Desses encontros iniciais saiu o formato do documentário. “Na minha iniciação, pesquisei as 12 mais importantes mães-de-santo de São Paulo. Para o documentário, ficamos com as 4 mais antigas”, diz Pedro. Para finalizar a equipe, chamaram amigos que aceitavam entrar no projeto seduzidos pelo tema. “Assim, também, conseguimos a parceria com a Produtora Pólo de Imagem, por meio da Malu Batista. Sem isso, não teríamos conseguido viabilizar nada”, lembra Pedro. Desde então, saíram à caça de apoios e patrocínio de empresas. “Aí começamos a ver que era outro campo de aprendizado para nós. Há uma grande dificuldade de as empresas associarem seu nome a um produto cultural que toque na questão da religião afro-brasileira”, assegura Melissa.
Retratar o dia-a-dia dessas mães-de-santo, reforçando seus laços com a religião, mas mostrando muito mais do que o estereótipo era o ponto principal do projeto. “Elas moram na periferia de São Paulo e são mães, esposas e donas de casa”, lembra Pedro. “Ao mesmo tempo, são responsáveis pelos terreiros e carregam um cabedal de conhecimento enorme.”
Assim, o documentário retrata essas mulheres em seus terreiros, contando a história de suas vidas e de lutas. Além disso, os documentaristas promoveram um encontro inédito entre elas, na Praia de Juqueí, litoral de São Paulo. “Elas não costumam se encontrar. Foi muito rico esse momento. Elas puderam trocar experiências, cantar juntas na praia, lugar com grande significado místico para elas”, lembra Maria Emília.
Durante a busca de patrocínio ocorreu a fatalidade da morte da mãe-de-santo mais idosa de São Paulo, Mãe Manodê, do terreiro de Vila Brasilândia. Os documentaristas chegaram a temer perder a história de vida dessa importante figura do candomblé, mas acabaram ganhando a história da sucessão em um terreiro e Mãe Pulquéria, sucessora de Mãe Manodê, permitiu que eles fizessem imagens no terreiro, fechado por um ano após a morte da titular. “Foi um choque para nós. Documentário é feito de vida e isso acaba acontecendo, já que desde a idéia até a captação de recursos, muitas vezes levam-se anos”, comenta Maria Emília. “Por outro lado, ficamos muito gratos a Mãe Pulquéria, por ter nos recebido nesse momento tão delicado do terreiro e de sua vida.”

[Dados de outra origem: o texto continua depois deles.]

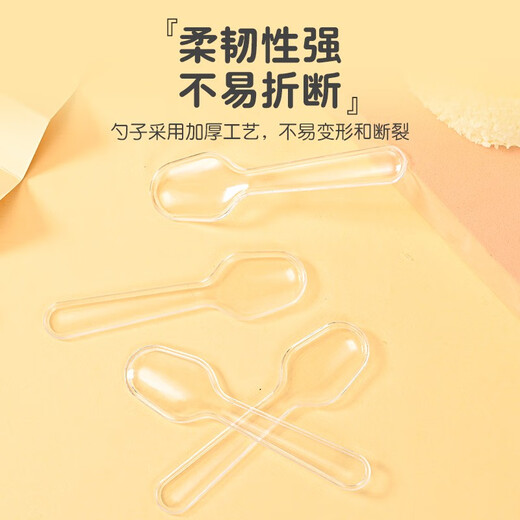 Babic Disposable Tasting Spoons, Tasting Spoons, Individually Packed Plastic Ice Cream Spoons, Jelly Spoons, Tasting Cup Spoons, 100 Pieces, Small Tasting Spoons, 100 Pieces (Individually Packed)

É a imagem dessas mães-de-santo guerreiras, que batalham pela religião ao mesmo tempo em que batalham pela sobrevivência nas periferias da cidade que se sobressai no documentário. A versão mais longa, de 52 minutos, será veiculada na rede STV, no segundo semestre. A versão de 12 minutos passará na rede pública de televisão, em todo o Brasil. “Esperamos, com este documentário, contribuir para desestigmatizar a imagem das religiões afro-brasileiras, como o candomblé, e mostrar que elas são praticadas por pessoas normais, que trabalham, criam seus filhos, como todos”, finaliza Pedro. A realização do documentário trouxe, também, grande aprendizado para os jovens documentaristas. “Depois dessa empreitada, acabei abrindo uma produtora”, revela Melissa. “Temos certeza de que, mesmo com todas as dificuldades, vamos continuar contando histórias de figuras tão importantes da nossa cultura, e ao mesmo tempo, tão pouco conhecidas.”